A direção competente do filme, a reconstituição dos sonhos ou pesadelos ilustram o cenário de absurdo que a vida de Paul vai se tornando, onde ali se vê talvez o dedo de Ari Aster, nessas representações oníricas do surrealismo, como cortes de extrema agilidade, muita sobreposição de imagens e passagens abruptas entre a realidade e fantasia. Essa passagem, de um cara que de mero observador de sonhos alheios, se torna quase um Freddie Kruger, se tornando violento e abusado.

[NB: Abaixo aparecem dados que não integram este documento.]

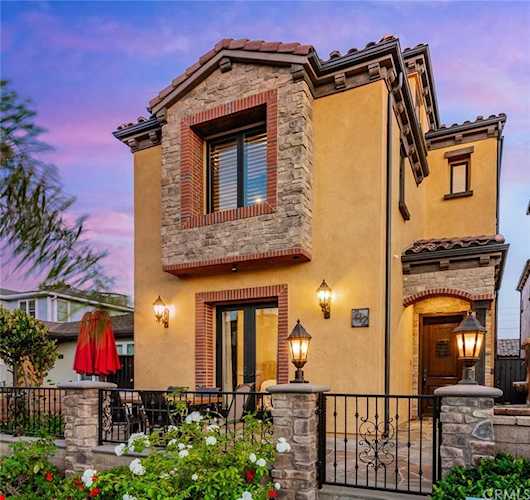 212 Baltimore Avenue Huntington Beach, CA 92648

Inclusive, outra cena hilária do filme é quando a filha mais nova de Paul o compara ao vilão com garras dos pesadelos de Elm Street, e ele pergunta a ela como o conhece, ela responde: “vi no Google”.

O Homem dos Sonhos, no caso Paul Matthews, com um Cage inspiradíssimo, que por mais que não sabia como lidar com a fama, sentiu seu doce sabor, pode ter até uma ligação com a mensagem de uma aula do professor, sobre a função das listras das zebras, que é pra se misturar com seu bando e correr menos risco de ser uma vítima no caso de um leão. O leão no caso aqui é a sociedade que aleatoriamente escolhe suas vítimas, no meio de milhares de pessoas e que ao serem escolhidas perdem toda a autonomia, e se não se camuflam são devorados, e em tempos de redes sociais e falta de privacidade, tem a qualquer vacilo chance de terem suas vidas destruídas devendo desculpas para tudo. Mesmo no caso de Paul, como se desculpar de algo que não fez, já que os sonhos são pessoais e ele não tem culpa alguma disso tudo. Além de uma crítica aos predadores do consumo que aproveita qualquer brecha, da mais surreal que seja, para vender e transformar tudo num imenso comércio. O filme é um passeio visual, uma ode ao absurdo, onde a  fama pode  tornar a vida em  um pesadelo sem fim em um piscar de olhos, ou em uma mera cochilada.